◆ **Instructions for the task**:
Set down each line of the data below exactly as it stands, dropping the pictures.

[Extracted records]
-*-*-

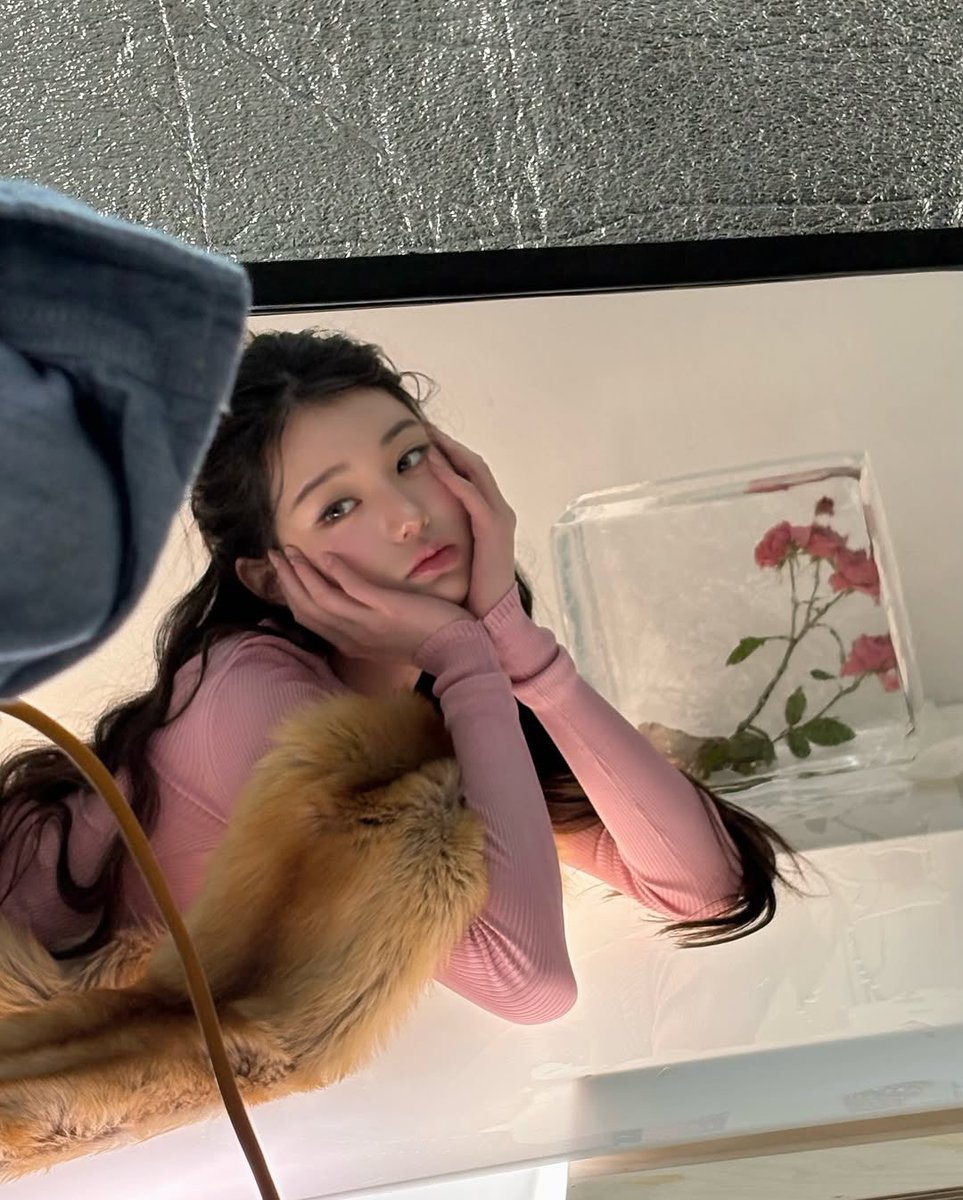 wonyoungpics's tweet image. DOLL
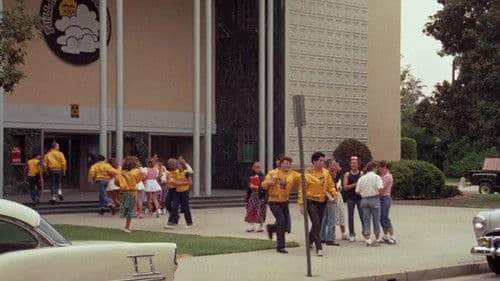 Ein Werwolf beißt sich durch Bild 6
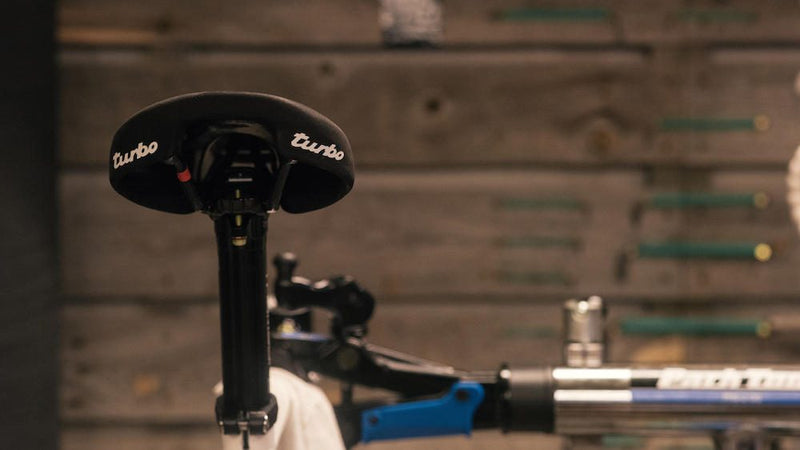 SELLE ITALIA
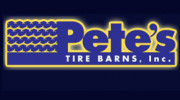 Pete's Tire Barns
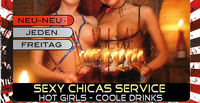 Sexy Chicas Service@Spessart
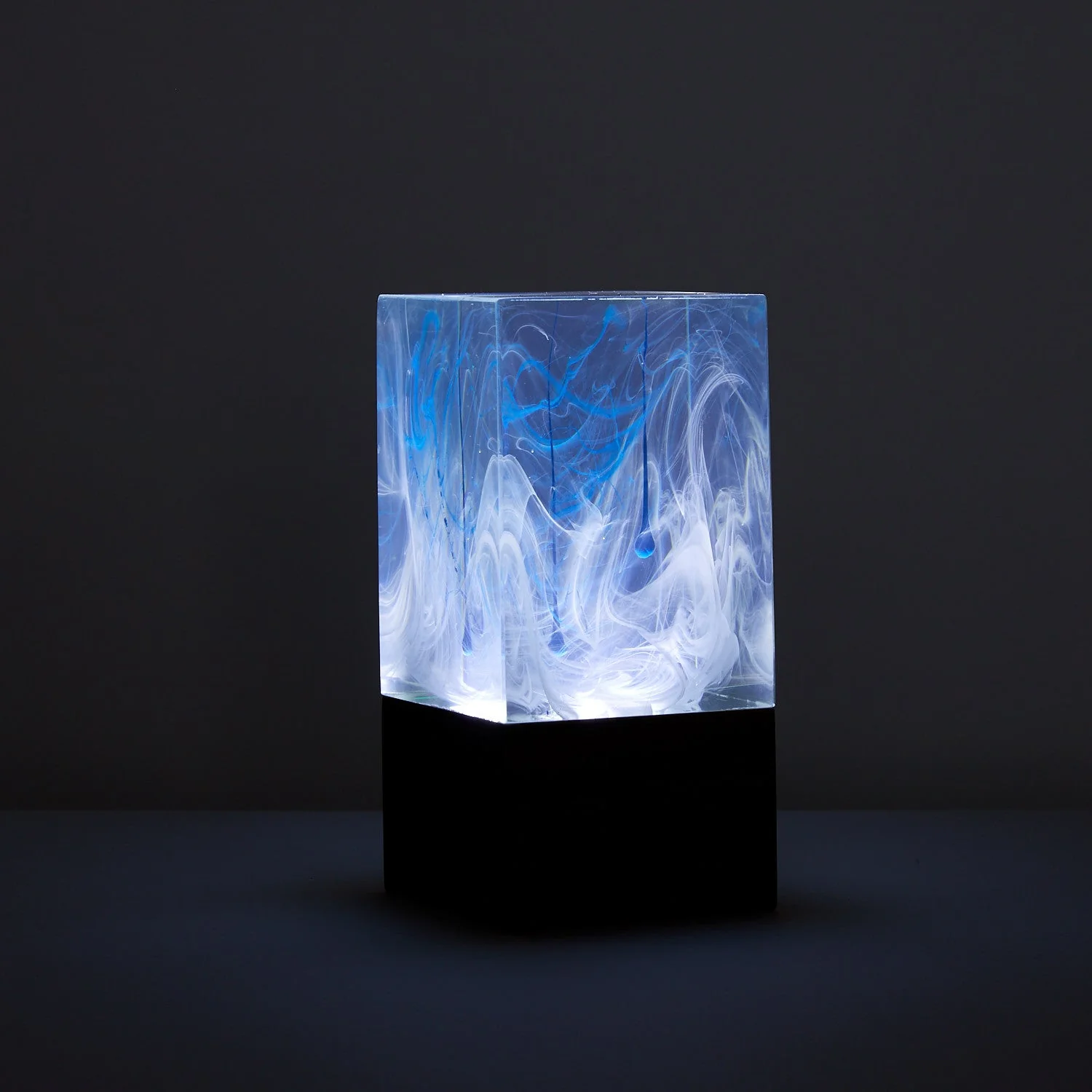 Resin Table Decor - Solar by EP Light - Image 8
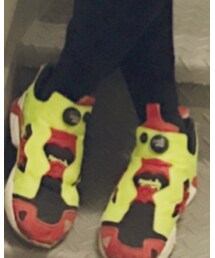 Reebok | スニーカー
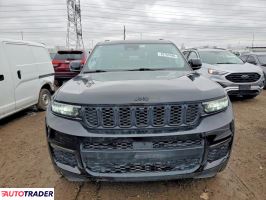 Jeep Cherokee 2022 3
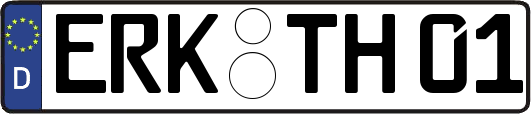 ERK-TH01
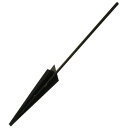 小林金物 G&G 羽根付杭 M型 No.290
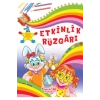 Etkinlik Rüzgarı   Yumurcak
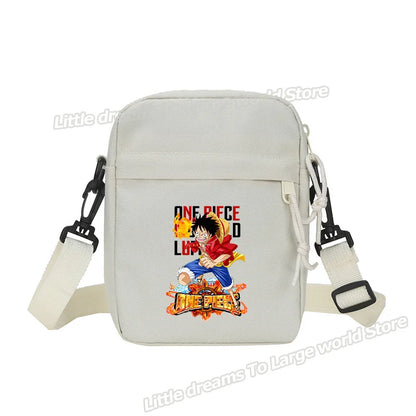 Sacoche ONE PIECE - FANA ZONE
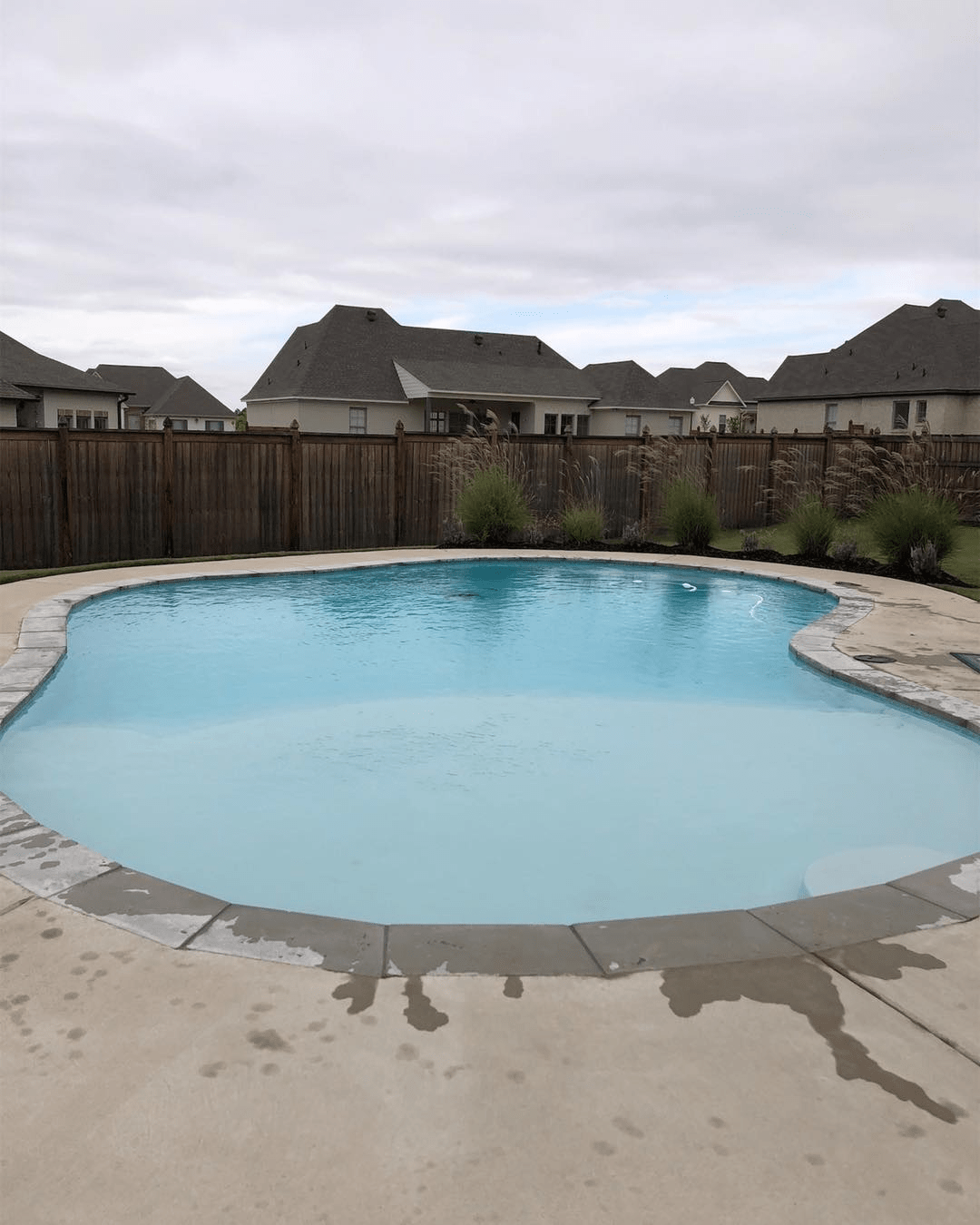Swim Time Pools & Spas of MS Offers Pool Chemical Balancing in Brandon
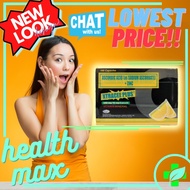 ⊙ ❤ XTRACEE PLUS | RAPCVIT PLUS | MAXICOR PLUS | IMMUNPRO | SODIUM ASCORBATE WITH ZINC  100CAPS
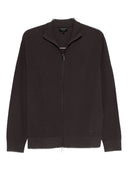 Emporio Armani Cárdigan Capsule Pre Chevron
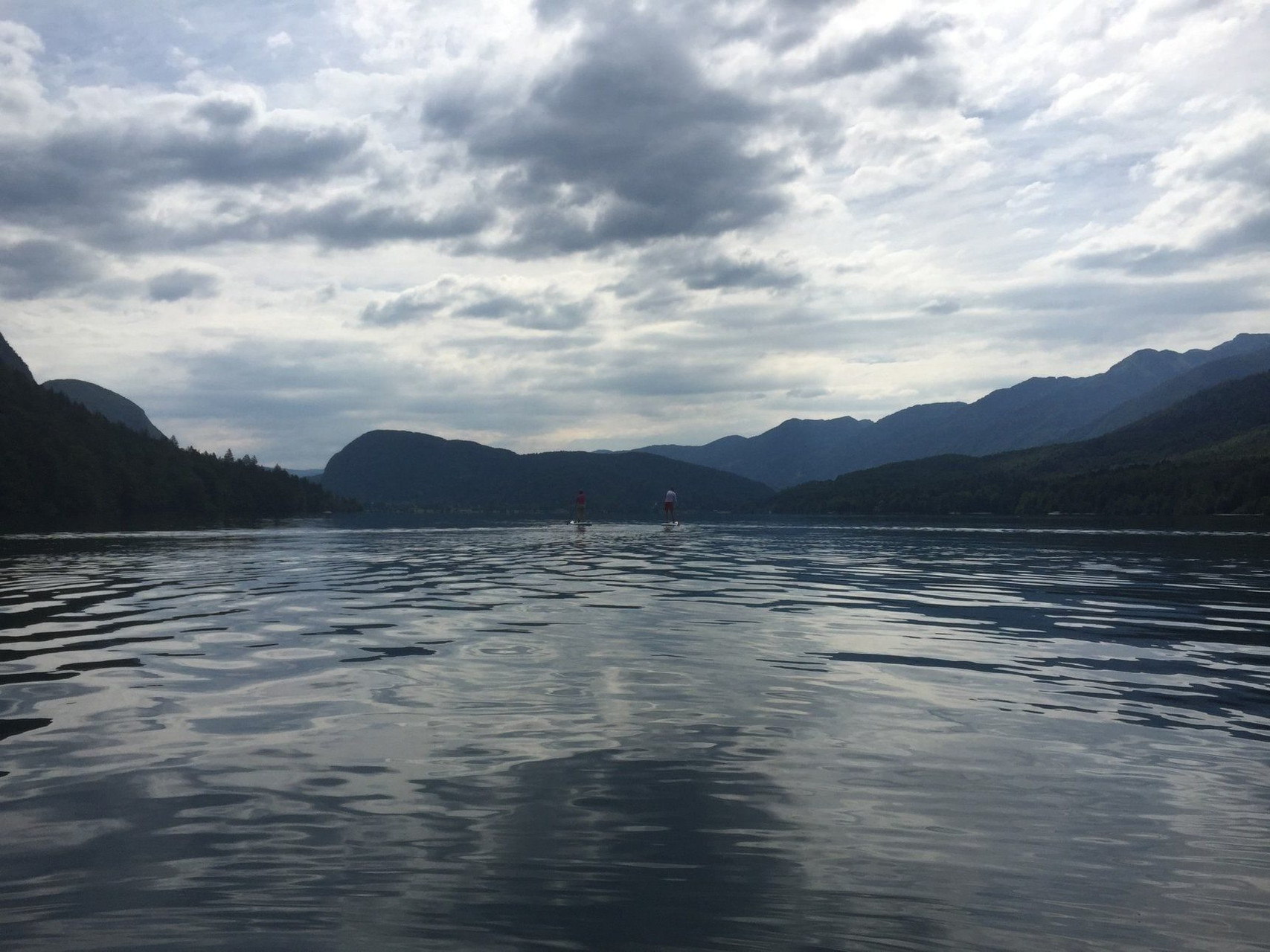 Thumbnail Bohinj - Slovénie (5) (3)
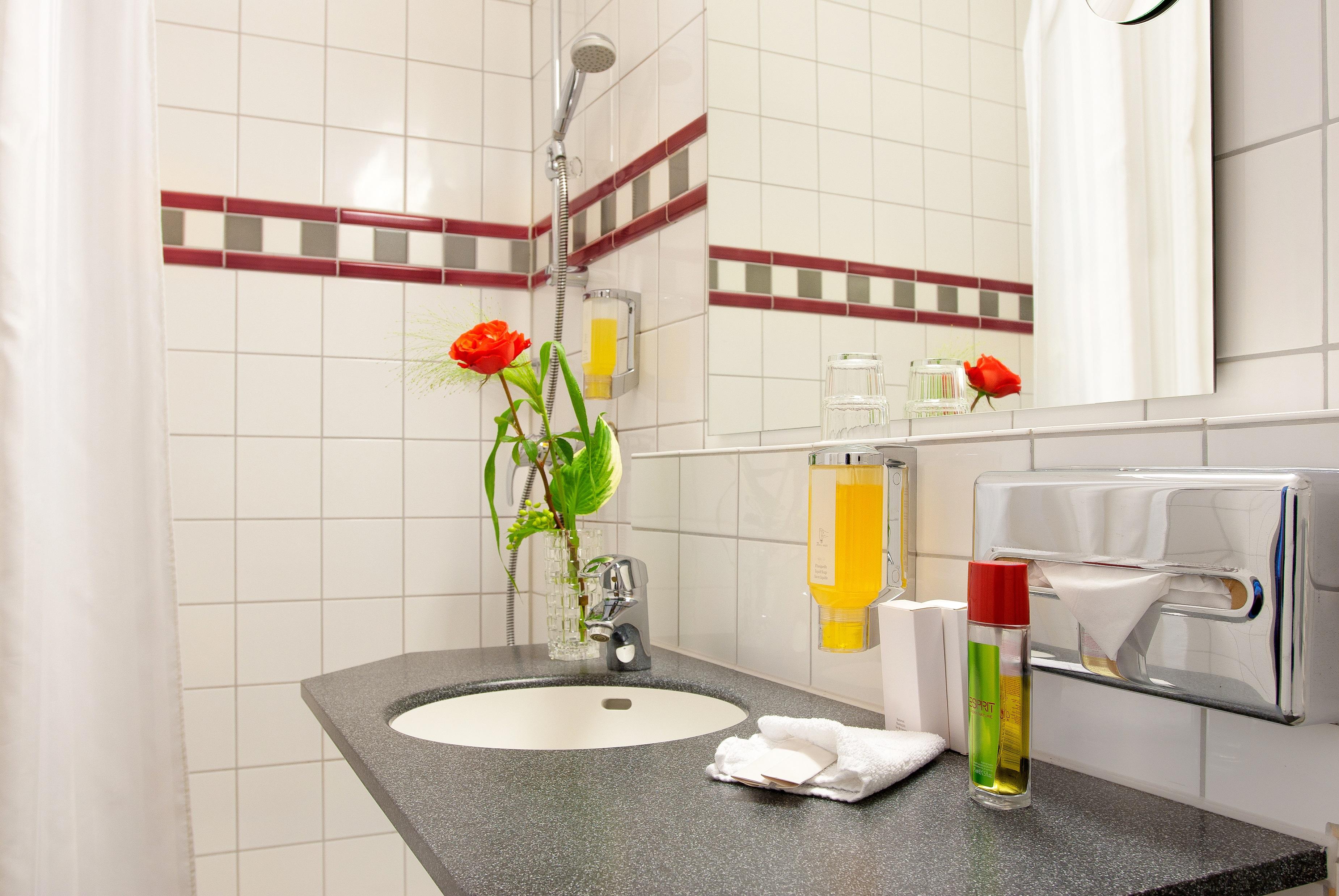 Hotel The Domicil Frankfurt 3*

-*-*-

◆ **Solved exercise**:
 wonyoungpics's tweet image. DOLL
 Ein Werwolf beißt sich durch Bild 6
 SELLE ITALIA
 Pete's Tire Barns
 Sexy Chicas Service@Spessart
 Resin Table Decor - Solar by EP Light - Image 8
 Reebok | スニーカー
 Jeep Cherokee 2022 3
 ERK-TH01
 小林金物 G&G 羽根付杭 M型 No.290
 Etkinlik Rüzgarı   Yumurcak
 Sacoche ONE PIECE - FANA ZONE
Swim Time Pools & Spas of MS Offers Pool Chemical Balancing in Brandon
 ⊙ ❤ XTRACEE PLUS | RAPCVIT PLUS | MAXICOR PLUS | IMMUNPRO | SODIUM ASCORBATE WITH ZINC  100CAPS
 Emporio Armani Cárdigan Capsule Pre Chevron
 Thumbnail Bohinj - Slovénie (5) (3)
 Hotel The Domicil Frankfurt 3*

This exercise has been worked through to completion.